Estoy a punto de acabar el libro, tomándolo como
tazas de café, cuando estoy en tránsito, cuando estoy en esperas, cuando
necesito un libro que me acompañe a algún sitio que sé que no me decepcionará.
Así dilato su lectura, y me empapo de la vida del autor –que por cierto
contestó a la entrevista capotiana– lo más posible, aguardando otra entrega.
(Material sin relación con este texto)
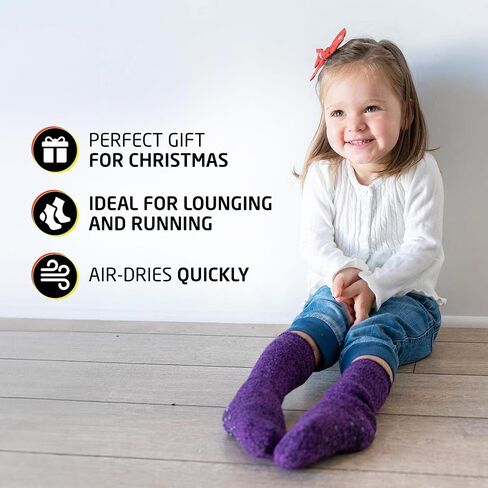 HOT FEET Toddler Crew Warm Thermal 5/6 Pack Socks Soft Thick Brushing, 2-4 Y (7-10 US) 5 Pack in Kuwait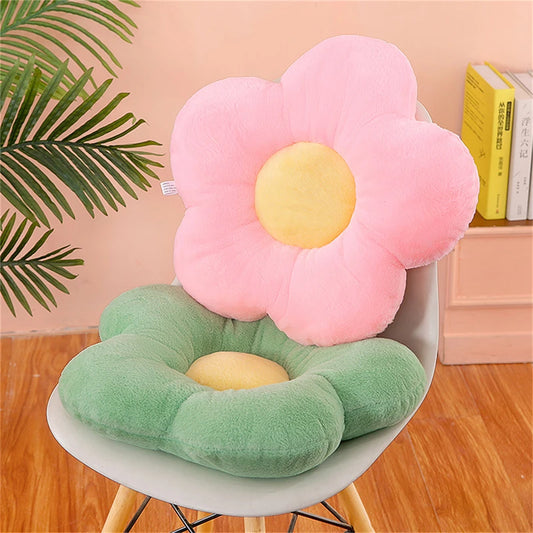 Almofada de Flores Redonda com Tecido Macio e Aveludado para Escritório, Sala de Aula, Cadeira, Sofá, Quarto, Piso, Almofada Grossa para o Inverno.
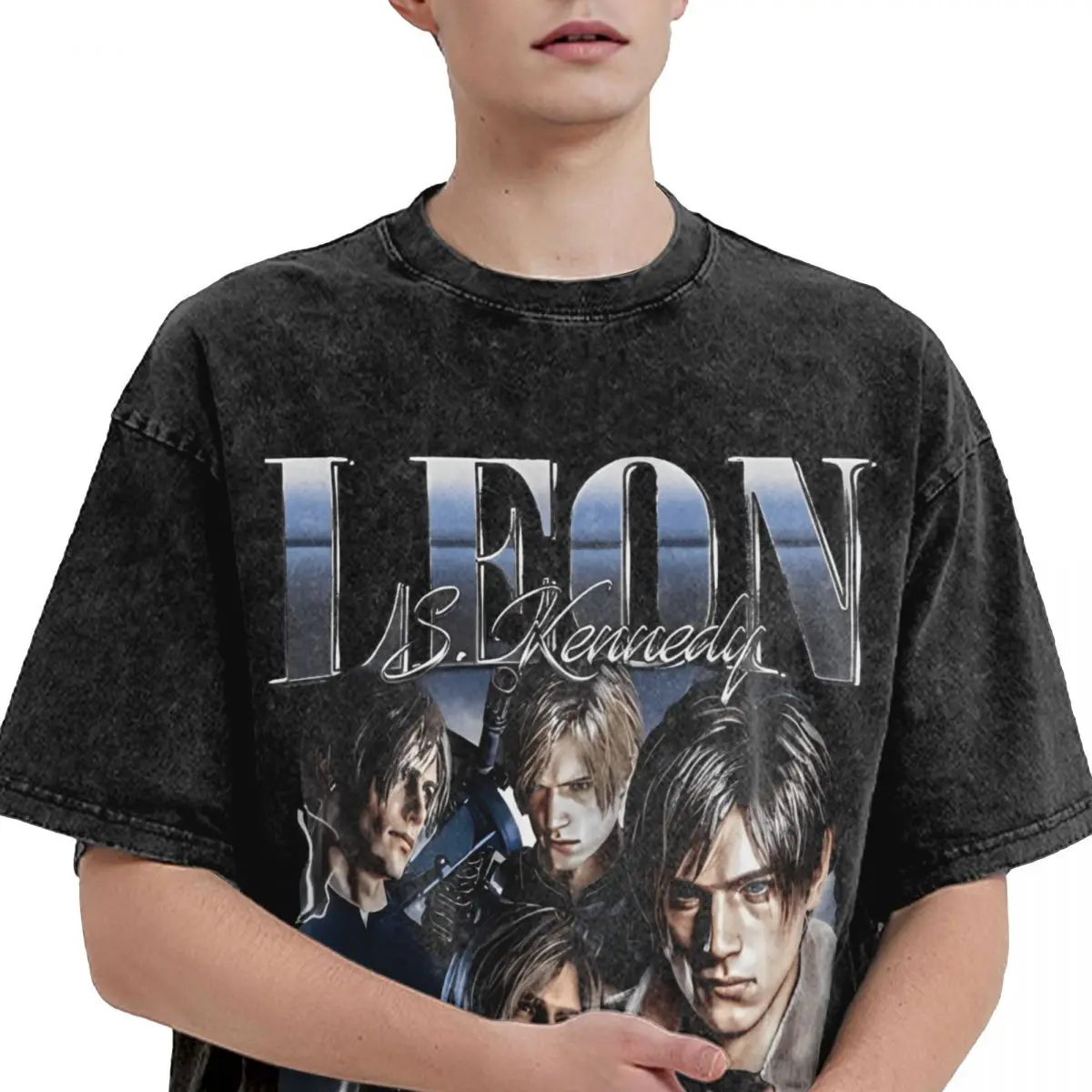 Футболка Leon Kennedy MEME простые футболки с короткими рукавами уличная одежда топы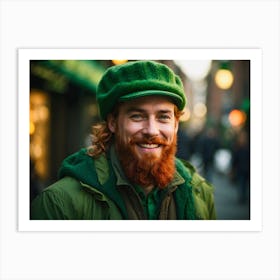 St. Patrick's Day, man in green costume, Leprechaun 3 Art Print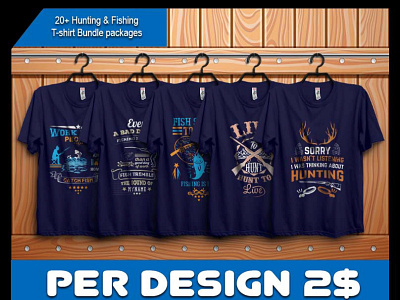 20  Hunting   Fishing T shirt Design Bundle Packages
En
esta, justamente a la mitad, en la página 161, encuentro el clímax de la
escritura de Barrero, sensitiva, melancólica, consciente de que lo poético nos
eleva, pero que siempre hemos de acabar claudicando ante los sentimientos
intuitivos, irracionales, verdaderos:
Al
caminar por el parque en una generosa tarde de septiembre, con la luz suave,
como de seda, el cielo azul, ya los dedos del otoño entre los árboles, su
perfume entre las últimas rosas del verano, y más tarde al llegar a casa, beber
una copa de vino, escribir una carta a un amigo agradeciéndole el envío de su
último libro, mirar el retrato de mi madre y esperar la noche; instantes que en
otra ocasión hubieran pasado con normalidad, sin apenas darle importancia,
ahora mismo que escucho Tristán e Isolda,
me ha parecido que estaba cometiendo un crimen, que le estaba robando a alguien
parte de su aire, he repetido que la vida es injusta y me he sentido y me
siento culpable de poder mirarte a los ojos y respirar.